OTB Caption Contest
Time for the Monday OTB Caption ContestTM
Time for the Monday OTB Caption ContestTM
(AFP/File/Jim Watson)
Winners will be announced Thursday
Time for the Monday OTB Caption ContestTM
Time for the Monday OTB Caption ContestTM
Winners will be announced Thursday
“This new rug sucks, tacky, tacky, tacky. I liked the office better when it had its 2004 border, and occupant.”
That bratwurst was delicious, now if I just raise my left cheek just a smidgeon, we’ll see if Barack enjoys it as much.
President Obama and the Israeli PM are informed that Glenn Beck is going to Israel.
Israeli PM Benjamin Netanyahu can’t even look at Obama’s lying face after Obama’s claimed that people misunderstood his words.
Are we there yet?
You don’t send me flowers any more.
Perhaps Roger Goodell and DeMaurice Smith could offer their mediation services.
The old Judean Peoples Front and the Peoples Front of Judea controversy was brought up once again.
Obama’s first up close and personal encounter with a bitter clinger did not go well.
Netanyahu: Where do you get the authority and chutzpah to do this?
Obama: We won.
Netanyahu: So did we.
How dare he think I threw Israel under the bus!
Bibi whispering under his breath, “You wouldn’t say this $hit if Rahm still worked in the White House.”
Talk about cold shoulders! ! !
“F*ck you.”
“Yeah, f*ck you, too.”
I’m sorry, I…I shouldn’t have eaten so much broccoli.
Flash kegger time?
C’mon, now, you know I was gentle.
(That’s probably a sure fire ‘bottom of barrel.’)
Bibi: “You think I’m stupid?

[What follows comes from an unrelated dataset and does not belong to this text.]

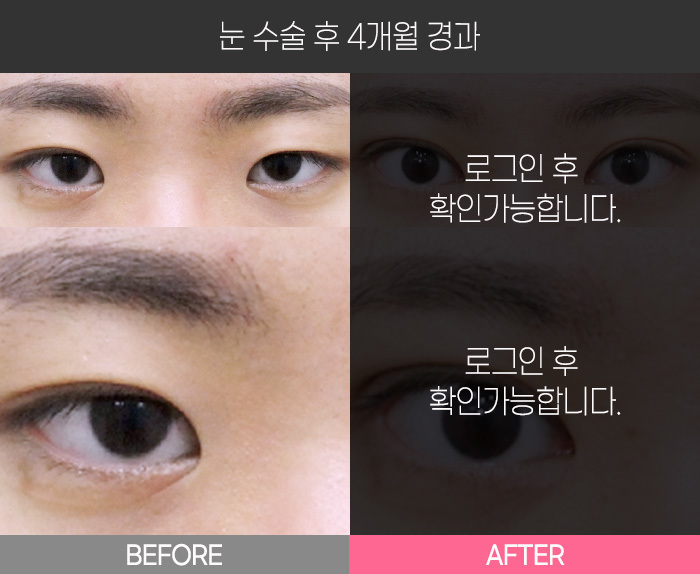 눈 수술 후 4개월 경과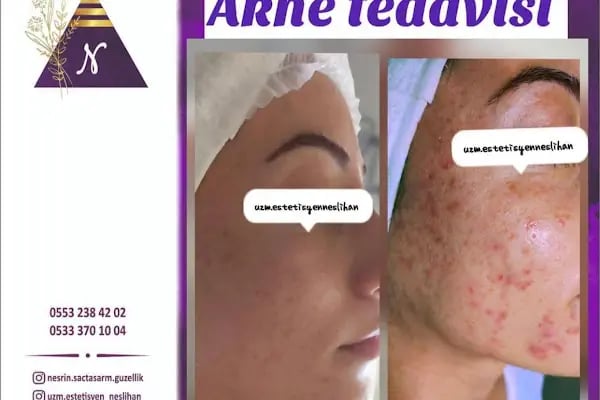 P&F Beauty Time Estetik ve Güzellik - Resim 15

That beer was horse pee compared to that cop and professor.”
OK, Bibi, yes, its true. Her name was Sabeen, leggy, great face, big…….well, look, what do you want from me anyway?
Well…this is another fine mess you’ve gotten me into Bibi!

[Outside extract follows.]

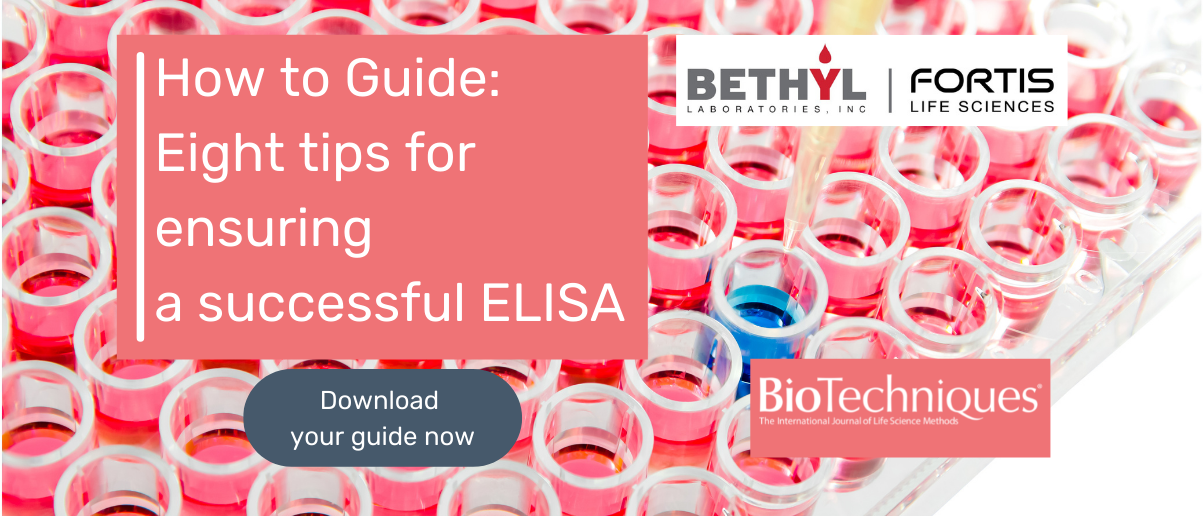 How to Guide Eight tips for ensuring a successful ELISA BioTechniques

♪ You’ve lost….that lovin’ feelin’….oh oh…that lovin’ feeeeelin…♪
Bibi: I was under the impression that there’d be donuts here….
Awkward moment after Bibi asks Obama why Israel’s border is more important to the President than the US southern border.
Bibi: How come I don’t rate a bow?
Netanyahu thought bubble: He looks like he swallowed a persimmon. Trading Ramallah for Chicago didn’t go over too well, LOL! What a putz!
You’re eyes have a mist from the smoke of a distant fire.
Your eyes have a mist from the smoke of a distant fire.
(Sorry, not a contraction as in the last comment.)
Netanyahu looks to the right, Obama looks to the left, what’s the big deal?
“Hey Daley, I didn’t get a harumph from this guy.”
Obama: Just because we shared an intimate moment in the hot tub, I’m not going to let it-
Netanyahu: We did not share and intimate moment, okay? That makes it sound gay!
(Thank you South Park)
Now Rahm Emanuel’s departure from the White House finally makes some sense.
“Hey, could someone light up the fireplace? It’s chilly in here.”
“So…um, have you seen my long form birth certificate yet?”
“No, it’s not your imagination. There’s definitely more room now with Dick Cheney’s desk gone.”
“No, listen. I’d love to write you a blank check like always…Only, um, we’re not so sure it will clear this time.”
“Can anyone say: ‘Awkward’???”
“Please, let me show you the way out.”
“No thanks. I’ll show myself out.”
Netanyahu: “How ’bout we just stick to the May 24, 2008 borders?”